Telecom Italia (TIM) has confirmed last week's media reports that private equity firm KKR (Kohlberg Kravis Roberts) had requested a deadline extension to present its bid for the Italian telco’s fixed access and international networks unit, NetCo. According to the investment company, it has asked for the period to be extended to 15 October when it is set to conclude “the preparatory activities and submit the binding offer”, which is a joint move with Italy’s Treasury. TIM will make a decision on the timeframe extension at a meeting scheduled for 27 September.

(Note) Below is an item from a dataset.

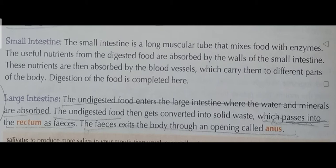The undigested food enters the large intestine, where water and minerals are absorbed. The undigested food then gets converted into solid waste, which passes into the rectum as feces. The feces exits the body through an opening called the anus.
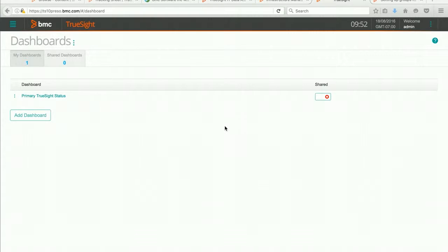Hello. Today we're going to take a look at how to work with event groups in TruSight Operations Management.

Investments into LTE and 5G new radio (NR)-based citizens broadband radio service (CBRS) network infrastructure are on course to hit between $800m and $900m in 2023 and to surpass $1.5bn by the end of 2026, according to a new report from SNS Telecom & IT. The market is expected to grow at a compound annual growth rate (CAGR) of approximately 20% between 2023 and 2026, mostly driven by private network deployments, as well as rollouts of neutral host and fixed wireless access (FWA) broadband networks, in addition to 5G buildouts. According to the market research firm, LTE-based CBRS network deployments have witnessed “considerable momentum” in recent years, as they are used to support mobile network densification, FWA in rural areas, neutral host small cells for enhanced in-building coverage and private networks. These are, in turn, used to support industrial internet of things (IoT), enterprise connectivity, remote learning and smart city projects. The report further suggested that commercial rollouts of 5G NR network equipment in the CBRS band are already in progress, paving the way for “advanced application scenarios” with high-performance requirements, such as applications for Industry 4.0, including connected production machinery, mobile robotics, automated guided vehicles (AGV) and troubleshooting assisted by augmented reality (AR).